The growth and innovation of the computing revolution has been fast and furious. Having created our global society, whereby our thinking, means of communication and the way we organise our lives have been irreversibly transformed, it is now impossible to envisage a world without computers or the Internet.
There is now a generation growing up who know very little about how this has all come to pass. The Centre for Computing History tells this story.
http://www.computinghistory.org.uk/
In Australia:
The Museum of Computing History at Monash University is an exciting visual exploration of computer technology and how it has changed our lives. The Museum aims to provide a visual display of computing history as well as establish a reference collection demonstrating the use of computing technology at the university.

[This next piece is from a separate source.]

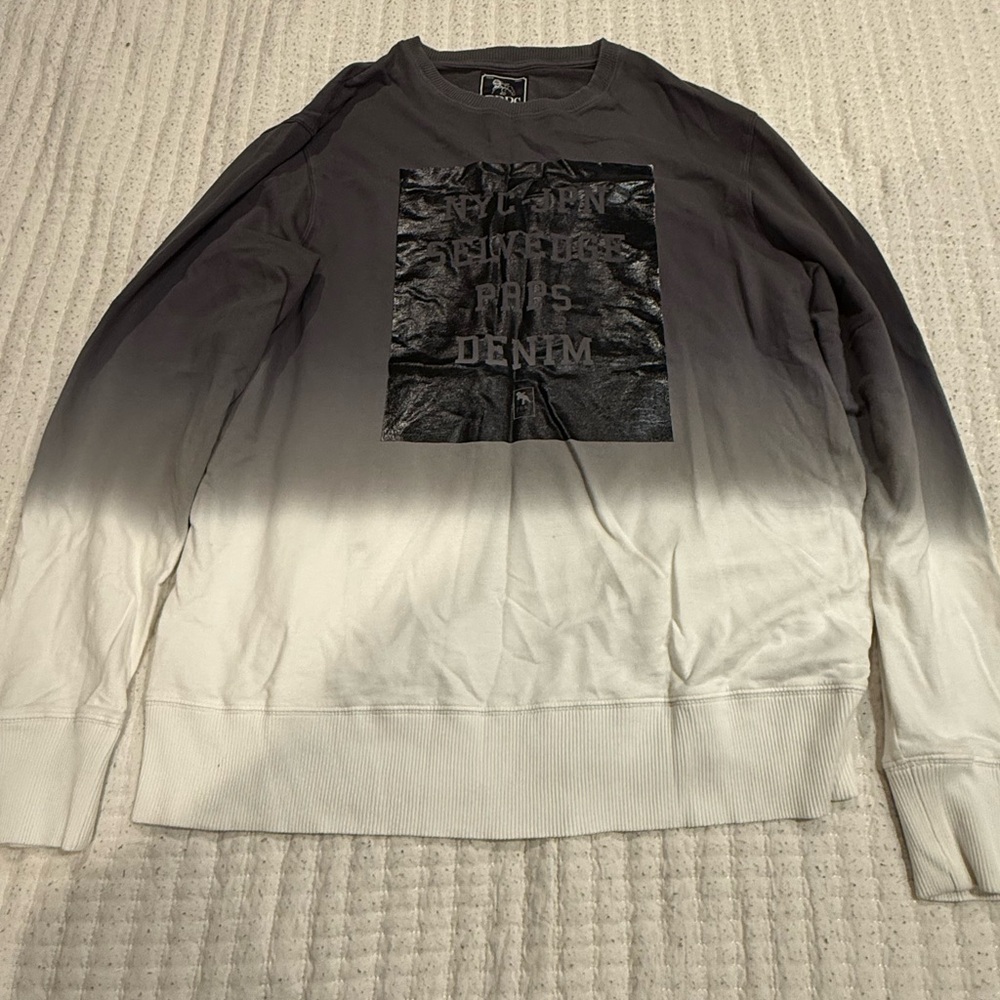 PRPS Black and White Ombre Crewneck Sweater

https://www.monash.edu/it/about-us/museum-of-computing-history
In the US:
The Computer History Museum in California dates from 1968, and claims to house the largest and most significant collection of computing artifacts in the world. The mission of the Computer History Museum is to preserve and present for posterity the artifacts and stories of the Information Age.

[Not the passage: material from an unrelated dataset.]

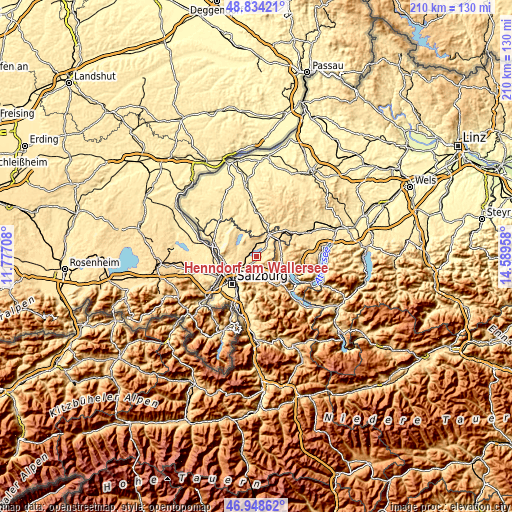 Topographic map of Henndorf am Wallersee
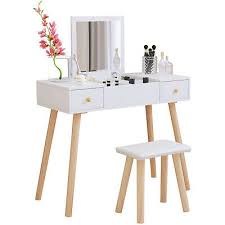 A folding table is a type of folding furniture, a table with legs that fold up against the table top. Vanity Makeup Dressing Table Stool Set Foldable Mirror Office Desk W 2 Drawers 194852729193 Ebay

http://www.computerhistory.org/
In Europe:
The Heinz Nixdorf MuseumsForum (HNF) in Paderborn, Germany, invites visitors to experience the history, present and future of information technology over 6,000 m² of floorspace, from the first written characters, via typewriters and calculating machines all the way to early computers and present-day robots. This museum is said to have the greatest number of items on exhibit of any computing museum.